Le camp de Montreuil-Bellay, considéré comme l'un des plus importants lieu d'internement pour Tsiganes, est installé sur le site en construction d'une cité destinée à loger le personnel d'une poudrerie construite.
Le 19 juin 1940, les entreprises et les Espagnols abandonnèrent le chantier inachevé, menacés par l’avancée des Allemands.
Les Allemands entrent dans Montreuil-Bellay le 21 juin 1940.
Du 21 juin 1940 à mars 1941, le site, administré par les Allemands, devient un stalag, entouré de barbelés, pour l'internement les militaires français et alliés et des étrangers, dont des civils britanniques vivant en France. Les soldats français seront envoyés en Allemagne et les Britanniques regroupés à Saint-Denis, près de Paris.
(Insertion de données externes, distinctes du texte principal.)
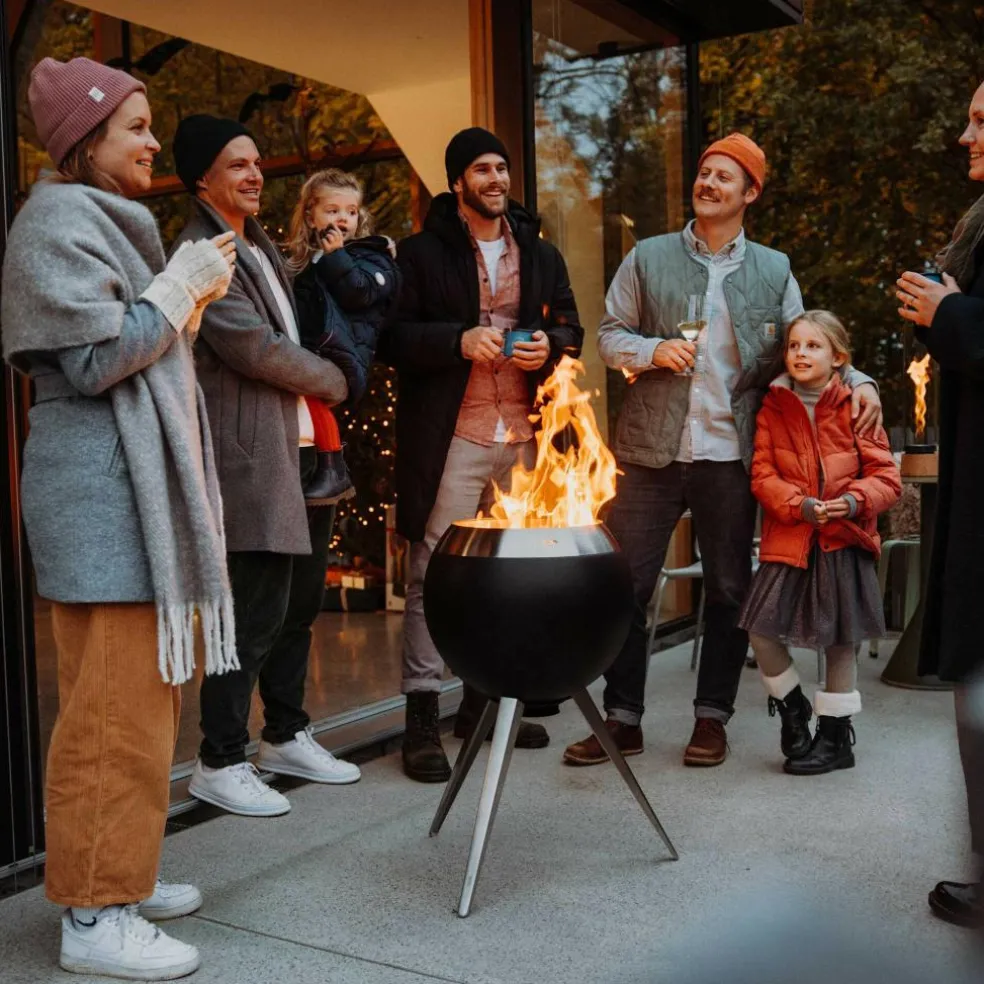 Moon 45 Feuerschale mit hohen Fuß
Du 8 novembre 1941 au 16 janvier 1943, le camp de Montreuil-Bellay deviendra camp d'internement pour regrouper les Tsiganes sous administration française, gardé par des gendarmes.
Le 3 août 1942, 717 nomades et clochards du camp de Mulsanne qui ferme sont alors transférés au camp de
Montreuil-Bellay.
En juin et juillet 1944 le camp est bombardé et les nomades internés sont transférés dans un autre site de l'ancienne poudrerie.
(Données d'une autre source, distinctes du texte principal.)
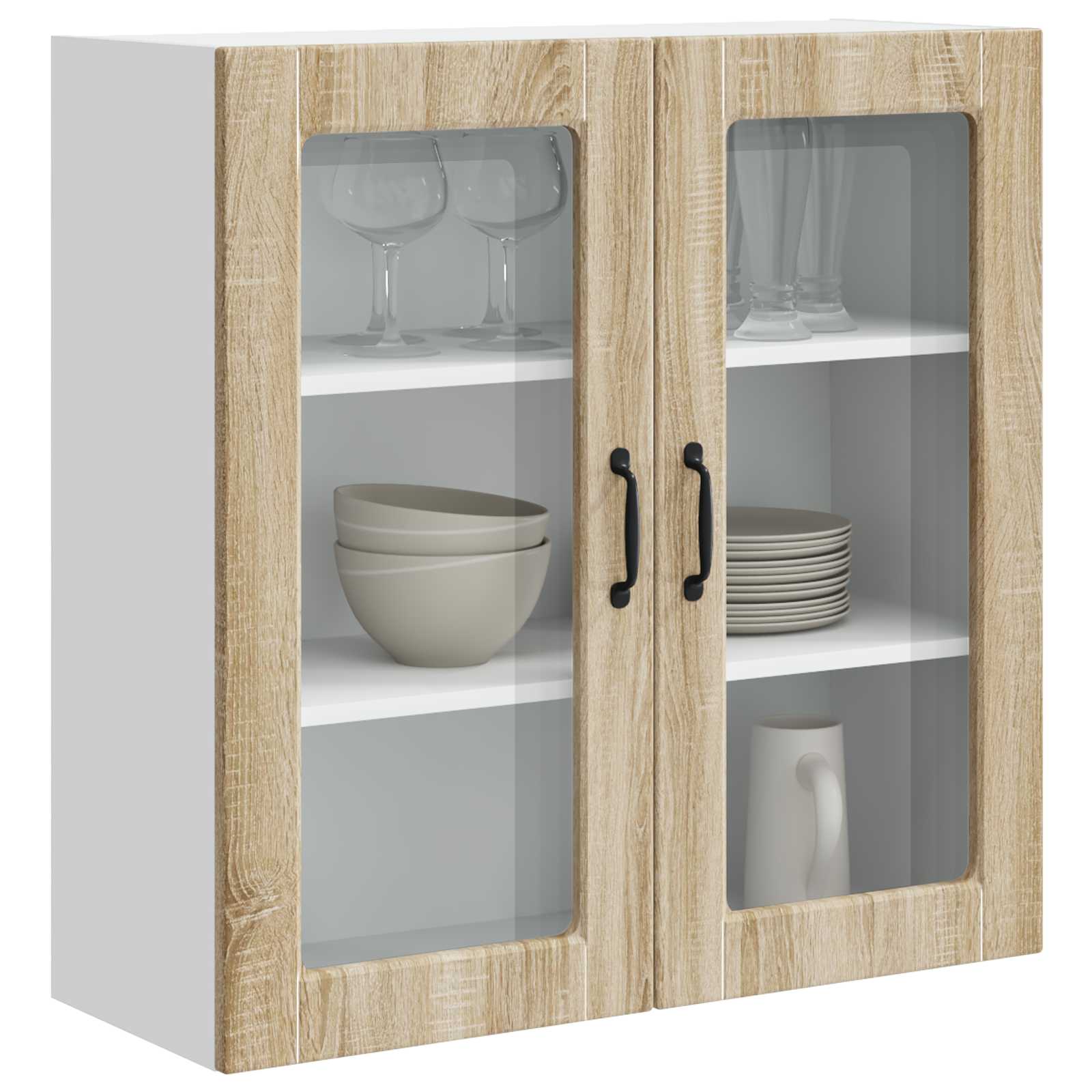 Vaatwasserpaneel Sonoma Eiken 80 x 31 x 80 cm Bewerkt hout is nu te koop bij PeponiXL, paradijselijk wonen!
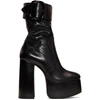 SAINT LAURENT SAINT LAURENT BLACK LEATHER BILLY PLATFORM BOOTS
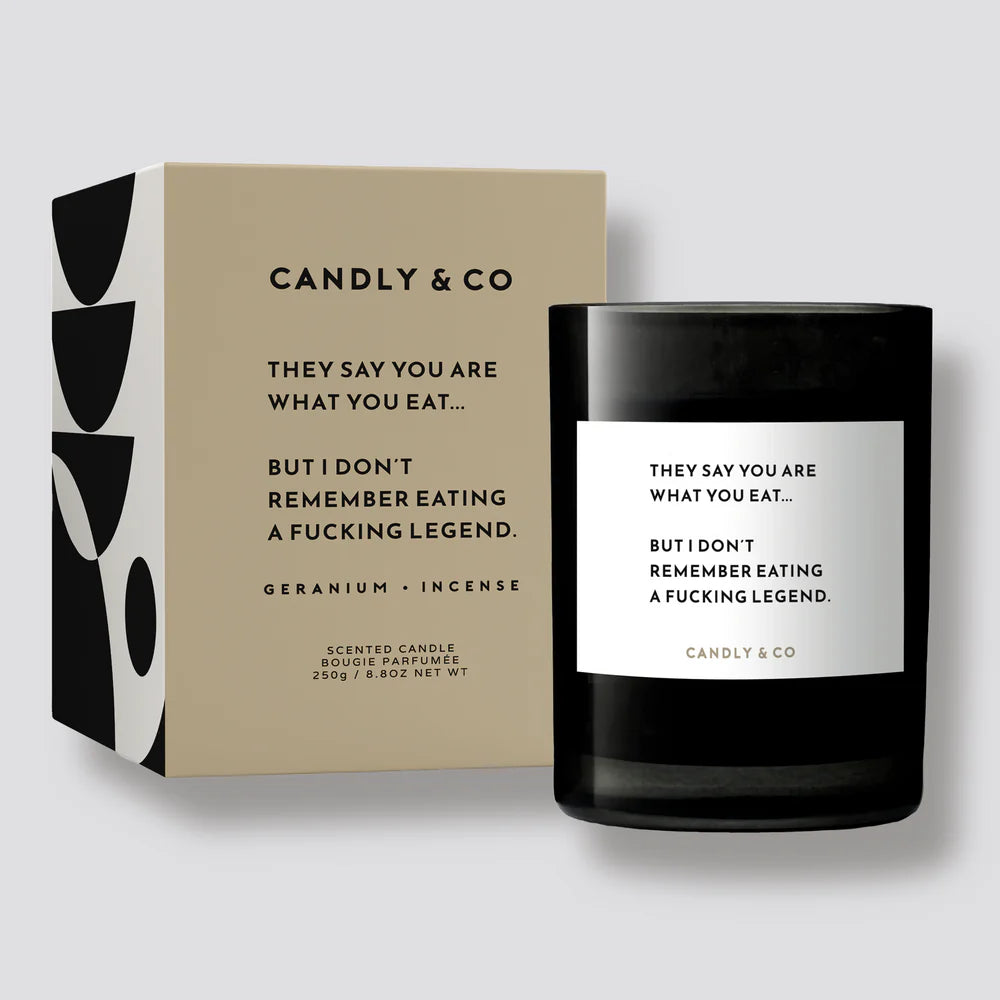 Candly & Co Świeca zapachowa No. 1 Geranium / Kadzidło They say you are what you eat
Le camp sera libéré en septembre 1944 et y seront alors internés des italiens et des vaincus du Reich, avant d'y interner des collaborateurs locaux, qui seront transférés ensuite au camp de Châteaubriant.
En octobre 1944, les Tsiganes réintègrent le camp qu'ils ne quitteront que le 16 janvier 1945 pour être envoyés aux camps de Jargeau et d'Angoulême jusqu'en juin 1946...
D’après l’étude de Jacques Sigot1, une centaine d’internés sont morts à Montreuil-Bellay sur les 1 500 personnes passées par le camp.
Le 22 octobre 1946 le site fut vendu aux enchères par les Domaines.
12/04/1939 -Décret du 12 avril 1939 sur la création des CTE (Compagnies de Travailleurs Étrangers). 27/09/1940 -Loi du 27 septembre 1940 sur la création des GTE (Groupements des Travailleurs Étrangers). 22/02/1941 -Décret du 22 février 1941 sur les sanctions à appliquer dans les GTE (Groupements des Travailleurs Étrangers). 02/11/1945 -Ordonnance du 2 novembre 1945 sur la dissolution des GTE (Groupements de Travailleurs Étrangers).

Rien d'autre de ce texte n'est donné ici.